## INPUT FOR THIS TASK
——
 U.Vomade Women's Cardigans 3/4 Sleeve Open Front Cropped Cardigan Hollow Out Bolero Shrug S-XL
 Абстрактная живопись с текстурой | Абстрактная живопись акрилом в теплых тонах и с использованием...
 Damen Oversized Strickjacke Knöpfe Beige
——
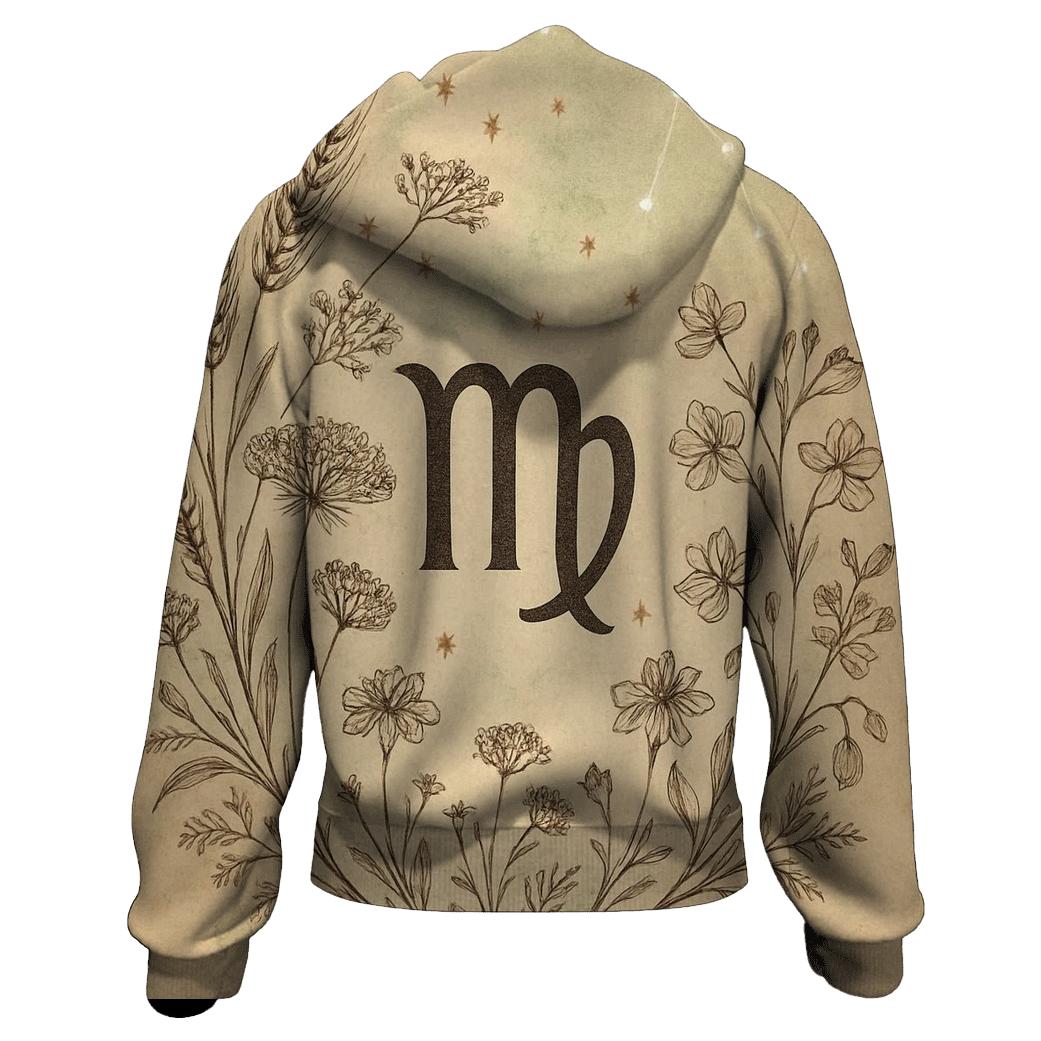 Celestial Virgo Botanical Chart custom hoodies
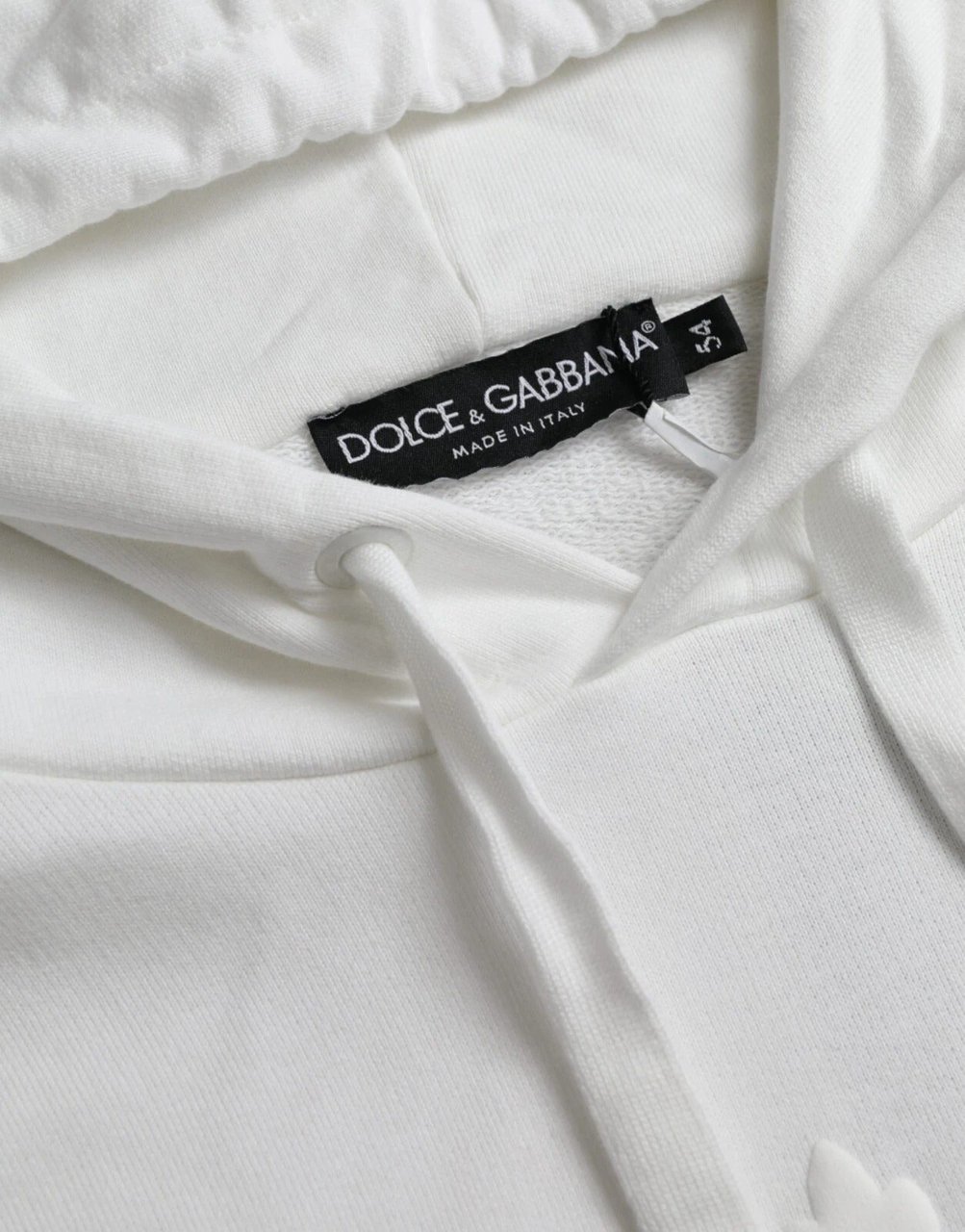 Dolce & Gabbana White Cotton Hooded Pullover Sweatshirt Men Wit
——
## WHAT YOU ARE ASKED TO DO
Nothing but the lines from the one with "Celestial Virgo Botanical" to the one with "Dolce & Gabbana" above, both included, should be transcribed, exactly and without pictures.

## RESULT FOR THIS EXERCISE
 Celestial Virgo Botanical Chart custom hoodies
 Dolce & Gabbana White Cotton Hooded Pullover Sweatshirt Men Wit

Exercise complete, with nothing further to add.